The use of the stepwise multiple-tubes approach led to a proportion of 75% measurable samples. With non-invasive or historical samples, degradation and contamination are known to cause problems. For example Lucchini et al. (2002), using wolf (Canis lupus) faeces, found only 69% of the samples to be measurable applying a multiple-tubes approach. Furthermore, with the stepwise multiple-tubes approach we applied it was possible to avoid very high costs and effort, especially in comparison with the classical multiple-tubes approach from Taberlet et al. (1996). Combining the forensic and multiple-tubes approaches we achieved a considerable increase in the interpretability of up to 90% (221 samples). We found no evidence for large allele dropout and genotyping errors due to stutter for the results of the forensic approach, the multiple-tubes approach, the combined approach as well as for the dataset without a refined approach in the analysis using MICRO-CHECKER 2.2.3. This was within our expectations as the approaches should correct the data for genotyping errors or exclude ambiguous data. Furthermore, we did not find evidence of null alleles using MICRO-CHECKER 2.2.3 in any of the approaches or in the data without a refined approach. Regarding null alleles, these results correspond to the frequencies calculated by Cervus 3.0.7 showing no value being higher 0.05 (Table 2), which is regarded as problematic (Kalinowski et al. 2007) and were comparable between the approaches. Since a null allele is an allele which is not amplified during PCR due to mutations in the primer flanking regions, null alleles are highly reproducible errors and cannot be detected and corrected by one of the approaches used in this study. Therefore, a check of the data for null alleles as well as the calculation of the frequency is necessary (Pompanon et al. 2005). Erroneous exclusion of true alleles through one of the approaches should have led to deviations from HWE, i.e. Hexp > Hobs. However, the analysed dataset did not deviate from HWE regardless which approach was used. Hence, a bias caused by one of the approaches can be excluded.
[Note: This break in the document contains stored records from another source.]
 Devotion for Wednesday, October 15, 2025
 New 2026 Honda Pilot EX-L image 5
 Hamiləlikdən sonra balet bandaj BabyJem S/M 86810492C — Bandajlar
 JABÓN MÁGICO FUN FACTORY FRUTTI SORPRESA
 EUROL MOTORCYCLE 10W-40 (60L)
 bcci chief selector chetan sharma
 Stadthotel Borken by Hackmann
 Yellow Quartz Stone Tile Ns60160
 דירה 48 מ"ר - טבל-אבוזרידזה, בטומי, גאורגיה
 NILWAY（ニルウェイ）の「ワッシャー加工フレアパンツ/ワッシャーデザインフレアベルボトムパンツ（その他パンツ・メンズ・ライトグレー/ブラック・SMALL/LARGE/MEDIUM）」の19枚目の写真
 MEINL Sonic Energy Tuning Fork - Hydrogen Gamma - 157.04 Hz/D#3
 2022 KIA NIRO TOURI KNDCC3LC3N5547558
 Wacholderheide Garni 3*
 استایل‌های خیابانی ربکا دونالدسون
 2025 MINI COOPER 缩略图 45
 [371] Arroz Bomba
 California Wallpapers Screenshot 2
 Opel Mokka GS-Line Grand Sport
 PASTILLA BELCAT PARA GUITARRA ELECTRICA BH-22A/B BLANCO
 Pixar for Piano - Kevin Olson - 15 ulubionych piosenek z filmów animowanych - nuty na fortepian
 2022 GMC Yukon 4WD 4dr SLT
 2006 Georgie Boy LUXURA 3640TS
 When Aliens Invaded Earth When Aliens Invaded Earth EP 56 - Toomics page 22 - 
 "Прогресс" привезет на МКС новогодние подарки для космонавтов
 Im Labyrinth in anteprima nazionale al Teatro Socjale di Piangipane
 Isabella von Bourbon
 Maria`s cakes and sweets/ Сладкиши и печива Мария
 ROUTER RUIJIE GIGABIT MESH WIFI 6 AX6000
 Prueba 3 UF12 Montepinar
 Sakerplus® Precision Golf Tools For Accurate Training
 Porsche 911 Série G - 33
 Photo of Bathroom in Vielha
Table 2 Summary statistics for each locus including number of alleles (k), observed and expected heterozygosity (Hexp, Hobs), χ2-test for deviations from Hardy–Weinberg-equilibrium (HW, NS = not significant) and null allele frequencies (F(Null)) for the three different approaches and without a refined approach

Our study illustrates the potential of the suggested approach for other studies with comparable contamination problems or sample material. Mitchell et al. (2008) detected severe cross-contaminations on herring (Clupea harengus) scales from a historical collection. Different treatments (washing, bleach, scrubbing etc.) could not remove the contamination and thus, these samples were no longer usable (Mitchell et al. 2008). In such cases where serious cross-contamination occurs, the combined approach could be applied to substantially enhance the portion of reliably measurable results. This is of high importance in our case, as the success of the parental assignment depends on the proportion of parents sampled (Jones and Wang 2010; Kalinowski et al. 2007; Marshall et al. 1998). Another essential factor is the reliability of the data. Mismatches caused by genotyping errors could lead to an erroneous exclusion of a potential parent of the offspring of interest (Marshall et al. 1998). The multiple-tubes approach, and therefore also the combined approach we used in our study, is designed to detect genotyping errors and correct the data accordingly. If this is not possible the sample is excluded from further analysis. Consequently, the resulting data set should ideally contain hardly any errors (exceptions are null alleles, for example).With our combined approach the influence of both factors, cross-contamination and genotyping errors, can be minimised and the subsequent analysis, in our study the parental assignment, can be done without further constraints.

Our approach could also improve the genotyping success for other markers, such as SNPs, although some adaptations may be necessary. For example, in DNA SNaPshot assays, the signal imbalance due to the different fluorochromes used for labelling (Fondevila et al. 2017) must be considered.